After the towels were spent, I attempted to mop the floor with warm water.  This was possibly the most frustrating part of the whole process seeing as how I was making progress but at the same time I was creating a whole bunch of suds.  Not only that but the socks I was wearing were thoroughly saturated, having become caked up with detergent and bits of cereal. (Interestingly enough, I inadvertently discovered that laundry detergent, when mixed with pulverized Frosted Flakes and Apple Zings, will take on the consistency of partially dried Elmer's glue.) I persevered nevertheless as I finished mopping then went back over the floor with another set of towels to try and dry up the suds, and was finally able to push the laundry unit back into place.

To be perfectly clear, I do not hold my wife responsible for what happened.  I have lived in this house for more than 3 years and have kept detergent in the same exact spot that entire time.  I can say without a doubt that I have opened and closed the dryer door with more force than she did this particular occasion.  The laundry unit is level and it is quite stable.  All these factors considered, I have absolutely no idea how in the world the detergent container wound up where it did.  It's as if the thing was shoved or otherwise willed off of its perch, following roughly the flight plan seen below (we also inadvertently discovered that laundry detergent containers are incapable of unassisted sustained flight, oddly enough).

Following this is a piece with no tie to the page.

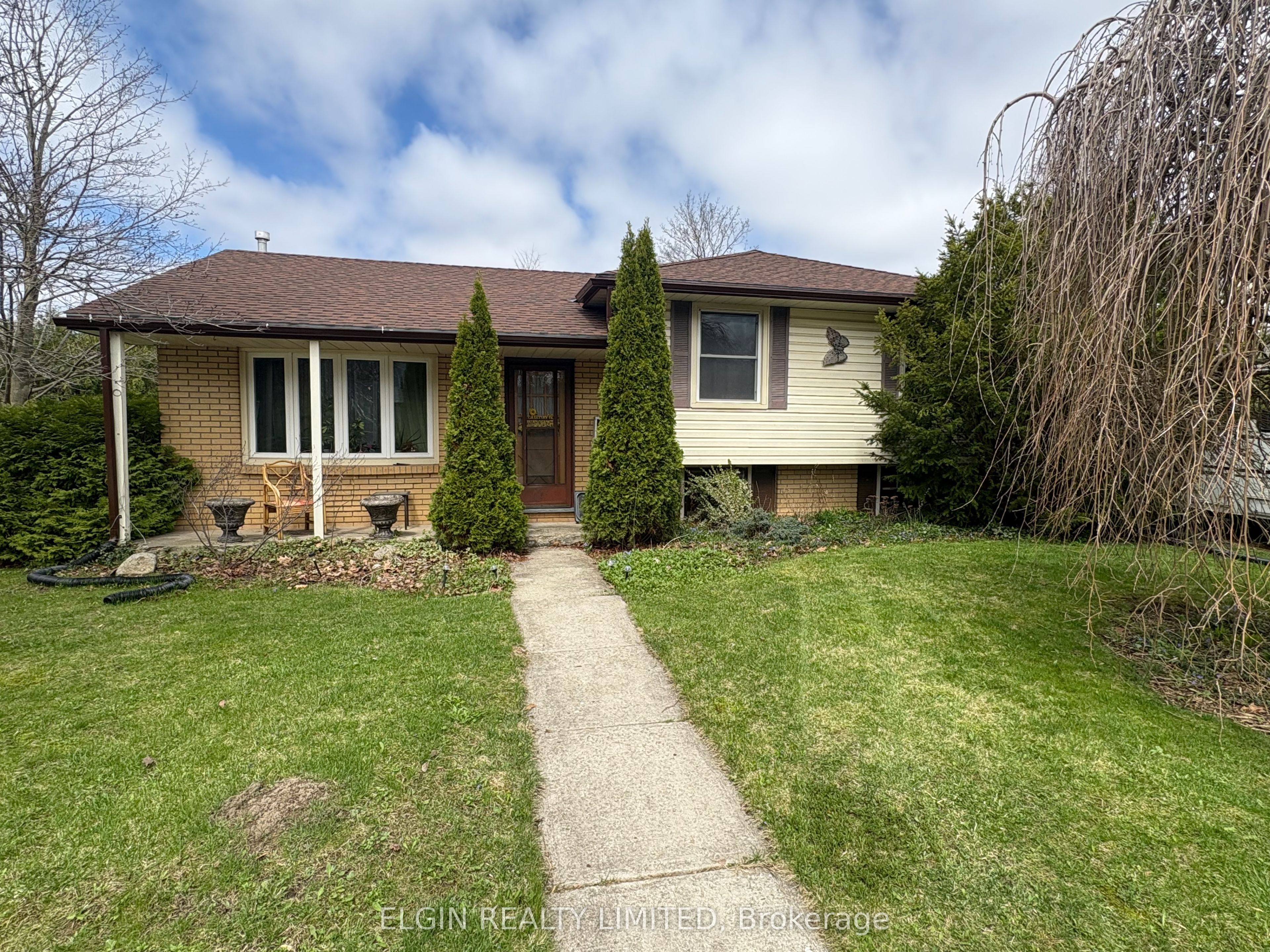 14 Glanworth Avenue, St. Thomas, ON, N5R 1E7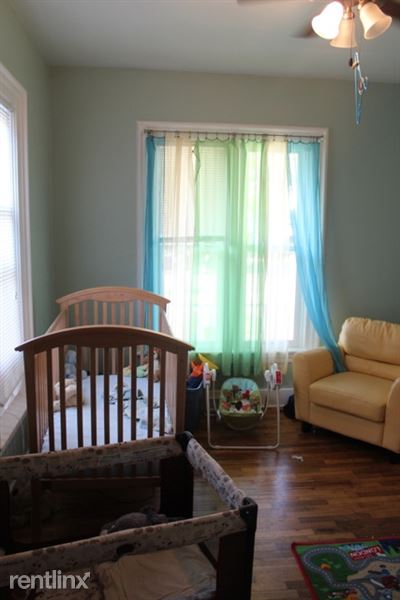 Foto principal - 807 Douglas St NW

The thing basically did a swan-ton bomb off the top of the dryer onto the cereal dispensers, rolled out of it and then went for a BME from the lid of the washer to the floor.  It was an absolutely absurd scenario is what I'm getting at.  But how did it achieve such momentum?  As I mentioned earlier in this piece, the container was better than 90% full; it was heavy enough that a fair amount of effort would've been needed to move it.  Have you ever looked at this variety of jug?  They have wide bases, meaning they're made to be stable and difficult to tip over so as to prevent spillage.  All things considered, my leading explanations of what happened are:

1) We experienced a very localized earthquake - as in so localized that it affected 3 square feet of our kitchen and none of the surrounding areas

OR

2) Our kitchen is haunted

As ludicrous as it may sound, I'm somewhat leaning towards the latter.  Reason being that not long after I moved into this house I experienced a similar incident.  One night while I sat in the living room I heard a crash from the kitchen.  When I went in to investigate I discovered that a knife rack/cutting board combination that I had sitting on one of the counters had fallen to the floor.  Much like this laundry detergent container, the knife rack was not in a position whereby it would've just tipped over the edge - it was a good 6 to 8 inches back from the ledge of the counter, yet it was in the floor.  How?  I do not know, but I think I have cause for concern seeing as how we seem to be dealing with apparitions who like to throw things.